**Assignment:** In the copy you make, keep each entry exactly as it is and leave out all images.

***** Data shown *****

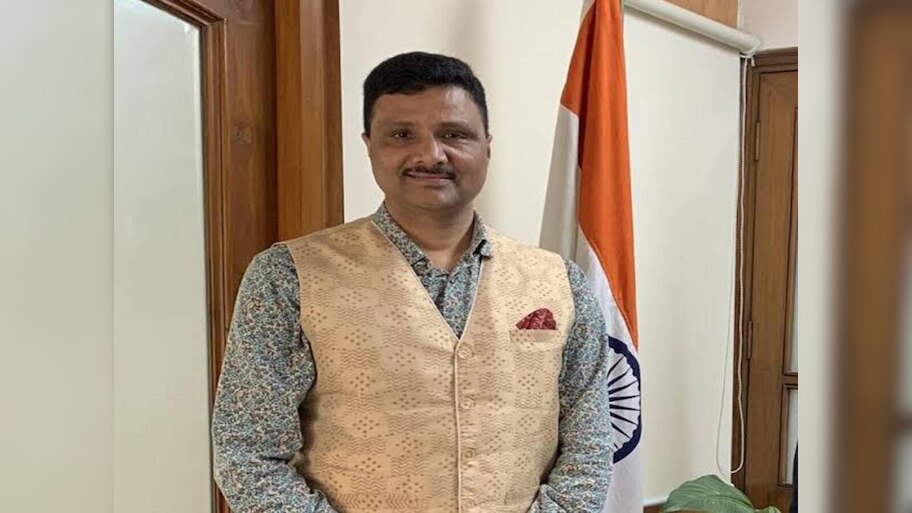 ରଥ ଉପରେ ମୋବାଇଲ ନିଷେଧ, ବିଶୃଙ୍ଖଳା ଆଚରଣ କଲେ କଡ଼ା କାର୍ଯ୍ୟାନୁଷ୍ଠାନ ନିଆଯିବ: ଶ୍ରୀମନ୍ଦିର ମୁଖ୍ୟ ପ୍ରଶାସକ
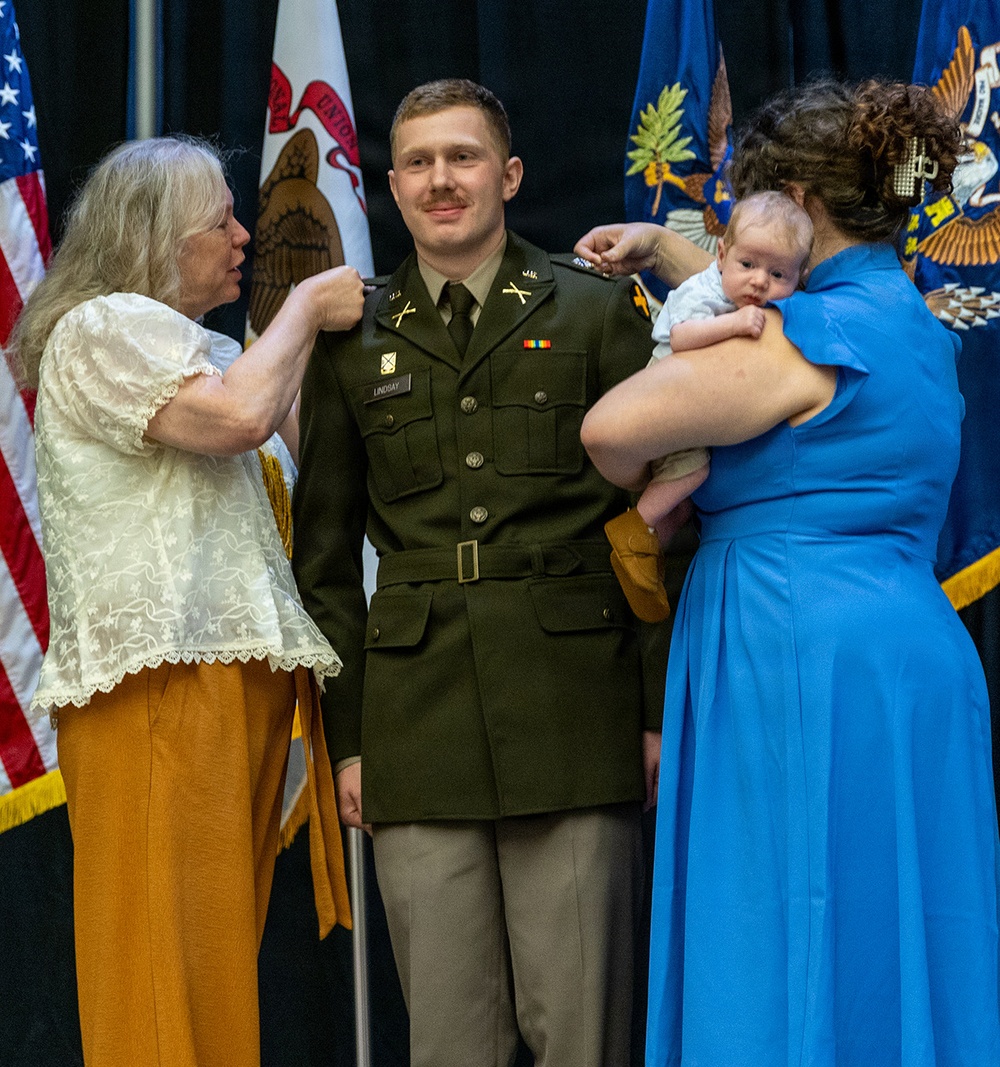 Illinois Army National Guard Officer Candidate School Graduates 22 Leaders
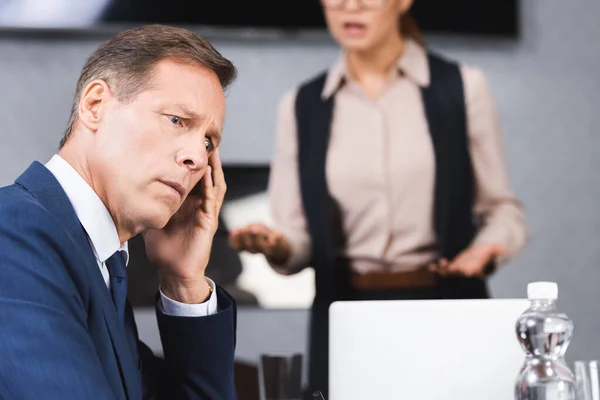 Verängstigter Geschäftsmann Blickt Mit Verschwommener Geste Auf Hintergrund — Stockfoto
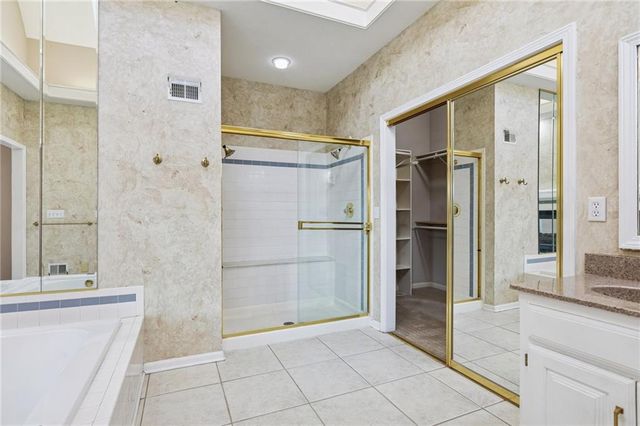 5633 Oakview Street, Shawnee, KS 66216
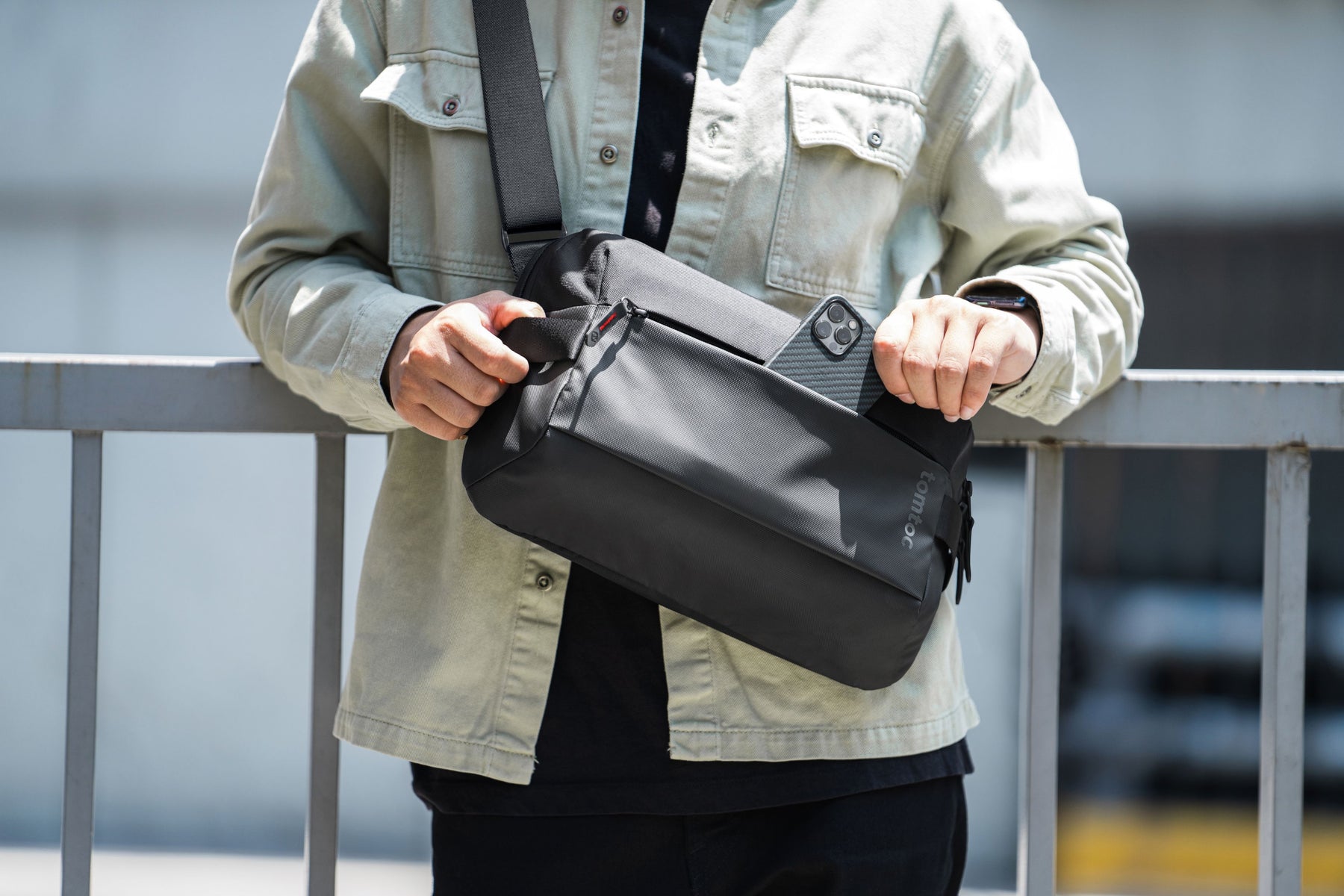 Explorer-H02 Sling Bag M 11-inch [7L]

*****

**Exercise answer:**
 ରଥ ଉପରେ ମୋବାଇଲ ନିଷେଧ, ବିଶୃଙ୍ଖଳା ଆଚରଣ କଲେ କଡ଼ା କାର୍ଯ୍ୟାନୁଷ୍ଠାନ ନିଆଯିବ: ଶ୍ରୀମନ୍ଦିର ମୁଖ୍ୟ ପ୍ରଶାସକ
 Illinois Army National Guard Officer Candidate School Graduates 22 Leaders
 Verängstigter Geschäftsmann Blickt Mit Verschwommener Geste Auf Hintergrund — Stockfoto
 5633 Oakview Street, Shawnee, KS 66216
 Explorer-H02 Sling Bag M 11-inch [7L]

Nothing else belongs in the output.